What is the elixir way of processing long excels/csv files line by line (or any similar large inputs that is itemizable)

Hi there

I am still learning my elixir ways, doing my first real elixir project. It is going to process excels or CSV files of user feedback, analyze them line by line with AI and provide useful summaries on e.g. whether users complain more about performance rather than some functionality.

Coming from JVM world once the file is uploaded I would use something like SpringBatch or Quartz with csv/excel readers able to stream through the file and create records in database (or push to RabbitMQ) in the atomic manner (so if server got rebooted while parsing row 124, job would continue from row 124 when restarted).

And then a similar job for actual analysis would fetch rows (from db or rabbitmq) and again in atomic way would process things row by row.

What is the elixir way of doing it?
I am googling and reading this forum about batch jobs in elixir and it seems like the most mature way that should work out of the box is Oban (the nice controlling dashboard for it is expensive though, but maybe I could live without it).

The part I am missing is this “atomicity” or parsing files and processing already parsed rows.

  • Could somebody, please, point me into the direction to research?
  • Or is Oban the wrong framework for it and not really suited for splitting large job into small atomically failing or succeeding items? What would you look at then?
1 Like

Hi @artem!

I think the architecture can be quite similar to the Java one. You can use either NimbleCSV or Explorer packages for parsing CSV. For processing later on, you can use Oban or something like Broadway RabbitMQ.

2 Likes

Wow, that was a fast response, @josevalim !
Maybe I just fail to locate the proper starting pointers :confused:

It is the atomicity part that I can’t figure. I played with NimbleCSV already and it seems to do its job pretty well. I can’t figure how to make it so that for example server reboots during parsing of row 124 (before it’s saved to DB), I’d like the job to continue from parsing the same row next time the job is resumed, not reparsing the first 123 rows (and therefore not creating 123 duplicated analysis requests).

I guess I could build such a mechanism myself (e.g. by just storing number of processed rows of each job somewhere in the DB and asking NimbleCSV to skip them), but there should be some some libraries or known general ways of doing that already, right?

P.S.
As for connecting to external services (such as RabbitMQ), I’d like to avoid it. It is half-a-learning project on a budget, so I am trying to learn more elixir ways of doing things rather than offloading them to an external service. And well, it is unlikely that I’ll have real huge excels all the time, so most of the time such external service would be doing nothing while needing some maintenance.

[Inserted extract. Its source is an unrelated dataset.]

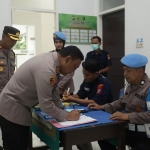 Kapolres Tuban AKBP Alaiddin saat menyerahkan sampel urine untuk dites.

I don’t think there’s anything prebuild mixing how you parse and iterate through files with maintaining and persisting the state of where you are. There are libraries for each piece of the puzzle, but you’ll still need to do the composition on your own.

1 Like

There aren’t am I’m not sure there are any libraries in other languages for doing this, the simple answer is that this feature is so specific that when you actually need it, you want to implement it yourself. I worked at a project where you would process a lot of CSV files concurrently and the solution we used is only to validate the data once all file was processed, but in that case the files we received were relatively small (about 20k lines).

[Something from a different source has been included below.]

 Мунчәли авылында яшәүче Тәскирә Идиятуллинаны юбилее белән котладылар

If you really have very large files, I would recommend to split that file into parts (either by number of lines or by size), and process them as simple files, in this way you don’t have to come up with any abominations on db side.

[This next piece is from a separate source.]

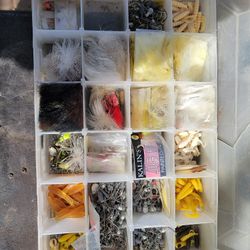 Crappie Fishing Doll Flies & Plastic Grubs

Hmm, in SprintBatch if memory doesn’t let me down (it was happening several years ago) I used reader/writer interfaces for processing just one item of a batch.

@D4no0 , this approach could be okay enough for the excel, but after that… I would really want to analyze hundreds or thosands of feedback one at a time. So my imagination was to have a single “process feedbacks from collection 123” and then readers would read user feedbacks from DB, process then one-by-one (via an HTTP call to external model) and save the results via writer.

If it indeed isn’t something usual in Elixir world, well, then it is this way and I’ll need to build some custom machinery. I am just surprised if it is so and would like to double check that it’s not my poor googling skills.

There’s a lot of machinery and tradeoffs to be made for such a broad requirement. You can look at e.g. broadway or genstage, which are common elixir tools to build processing pipelines, but those might also be to low level for what you seems to be looking for.

1 Like

It is quite common but as others have said, your scenario is quite specific so there’s no custom library just for that.

Your task sounds like you would read every CSV record and put them in a DB and mark them with “not processed yet”, and then have a consumer that will dispatch them to processing agents. Very easy and trivial in Elixir, especially to make use of all CPU cores and maximize throughput. I’ve done such tasks in Elixir, Java, Golang, Rust.

Look at Oban and Broadway, they have what you need.

2 Likes

I spent a fair amount of time doing large-scale data processing in Elixir. Once you have things loaded up into a queue of some sort, then you have many more tools available for handling failures. But that first pass over the big data file is hard to avoid, and I’m not aware of any tools in any language which fully “solve” for the problem of keeping track of your progress while doing that initial processing of the file.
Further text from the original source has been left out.